In a well-designed system, the capacity of the emitters in each room are sized to the heat loss for that room, and rooms with similar heat demand characteristics are grouped together into zones, so that if the thermostat is kept near its set point so is the rest of the zone. This is true of any heating system. But like any system, hydronic systems can be poorly designed. It seems that hydronic systems are somewhat easier to mis-design than other systems.
Thirty years ago, when in-floor radiant started getting big, it was believed that "thermal mass" was needed in order for radiant floor heat to work. Systems were built that took a long time to heat up, and they were unresponsive and prone to over-shooting. These systems were mis-designed because there was a fundamental misunderstanding of the science and how they were working. One of the keys to a radiant floor is having the temperature consistent across the floor, and for that you need a subfloor with high thermal conductivity. Concrete is often used because it is highly conductive. However, the less heat capacity your floor has, the faster it reacts to changes in heat input and the more responsive and comfortable your system is. Modern systems like WarmBoard market themselves as "highly responsive" which is the characteristic you want.

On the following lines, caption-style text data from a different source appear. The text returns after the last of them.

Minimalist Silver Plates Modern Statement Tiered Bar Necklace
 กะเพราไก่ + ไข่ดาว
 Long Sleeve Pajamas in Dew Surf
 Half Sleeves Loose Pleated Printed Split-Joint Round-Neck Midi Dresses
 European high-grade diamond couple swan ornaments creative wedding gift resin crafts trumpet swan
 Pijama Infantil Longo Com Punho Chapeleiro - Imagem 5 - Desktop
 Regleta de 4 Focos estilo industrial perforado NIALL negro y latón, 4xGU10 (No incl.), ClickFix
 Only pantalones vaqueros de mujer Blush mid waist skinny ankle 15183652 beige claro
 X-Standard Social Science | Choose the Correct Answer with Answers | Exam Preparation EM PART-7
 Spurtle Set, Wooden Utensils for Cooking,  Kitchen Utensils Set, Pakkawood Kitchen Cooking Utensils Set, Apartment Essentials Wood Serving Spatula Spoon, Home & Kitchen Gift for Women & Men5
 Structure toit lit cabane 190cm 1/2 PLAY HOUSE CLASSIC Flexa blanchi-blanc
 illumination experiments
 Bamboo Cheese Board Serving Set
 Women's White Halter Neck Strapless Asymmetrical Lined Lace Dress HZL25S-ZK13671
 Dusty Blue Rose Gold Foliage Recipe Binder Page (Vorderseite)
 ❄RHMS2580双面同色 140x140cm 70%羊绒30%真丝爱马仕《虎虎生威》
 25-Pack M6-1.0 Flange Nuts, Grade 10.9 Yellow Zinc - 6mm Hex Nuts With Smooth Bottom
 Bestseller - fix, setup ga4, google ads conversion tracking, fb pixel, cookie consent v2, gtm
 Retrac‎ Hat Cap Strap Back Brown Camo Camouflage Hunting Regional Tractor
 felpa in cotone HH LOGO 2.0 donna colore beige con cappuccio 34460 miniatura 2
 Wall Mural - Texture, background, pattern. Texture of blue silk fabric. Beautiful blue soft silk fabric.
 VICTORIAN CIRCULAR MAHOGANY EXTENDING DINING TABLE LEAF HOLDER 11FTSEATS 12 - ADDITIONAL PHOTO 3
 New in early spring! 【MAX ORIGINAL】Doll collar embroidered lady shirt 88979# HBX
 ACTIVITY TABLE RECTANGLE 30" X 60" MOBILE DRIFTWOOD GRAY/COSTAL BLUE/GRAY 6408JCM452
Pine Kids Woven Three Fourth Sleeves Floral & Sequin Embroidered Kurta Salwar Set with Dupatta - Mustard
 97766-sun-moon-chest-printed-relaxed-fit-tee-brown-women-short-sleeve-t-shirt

You're wasting money putting tubing in your floor if you haven't engineered the system. The odds that it's going to just work are close to zero. Also, one of the big advantages of hydronic heat is that you don't have to devote space to ductwork. If you're putting in ductwork anyway you're negating that advantage.
Thanks for the input. I'm NOT saying that I'm not going to put any design into things: that's why I'm here asking :-)
I don't expect such a system to carry any major heating load up front, which is why I'm considering the option of excluding the mechanicals. I've got a tiny bit of knowledge as pertains to this stuff (having researched many years ago- I took a course in solar water heating, which actually got me hands-on experience; I understand that tech changes; the WarmBoard shows that!).
I don't require "highly responsive" so much as I require predictability (with the properly designed system). And I require pretty reliable things seeing as I'm out in the country. I heat solely with wood (been nice and comfortable on many occasions when the electrical mains have been down - if down for any significant time I fire up a small diesel generator to ensure that I have minimal power- needed for my electric fence, Internet and such): no dials to control heat, no ducting to change heat patterns in various rooms. The aim is to mitigate a future risk of it becoming illegal to burn wood (I spend a lot of time tending to my woodlot; it's kind of a hobby for me). I don't expect that radiant floor heating would be but a partial contributor to meeting heating loads.
I have a couple years to do my design. I won't be slamming things together.
>I don't require "highly responsive" so much as I require predictability
If it's not highly responsive, it's not predictable. If it takes half an hour for a change in the thermostat to affect the heat output there's no predicting what's going to happen.
John siegenthaler has a number of videos on you tube that describe hydronic heating and how to make it reliable with renewable sources. You can configure dual fuel systems such as a wood burning boiler and a heat pump. Check the coffee with caleffi series on you tube.
His book is also available on Amazon which takes you through the sizing calculations. That will walk you through the tube layout, and runs back to a manifold. He also shows how to lift the PEX tube so it is located in the mid point of concrete.
Zoning works quite reliable, I have zones for each bedroom, bathroom. And then one for a great room. Typically the bathroom are kept at 70 and the bedrooms at 65. Water temperature is important, typically you want to keep it below 100F.
In terms of maintainability, You may need to replace a zone valve or a pump once every 10 years, so purchase a few spares. Install isolation valves so you can quickly replace failed components.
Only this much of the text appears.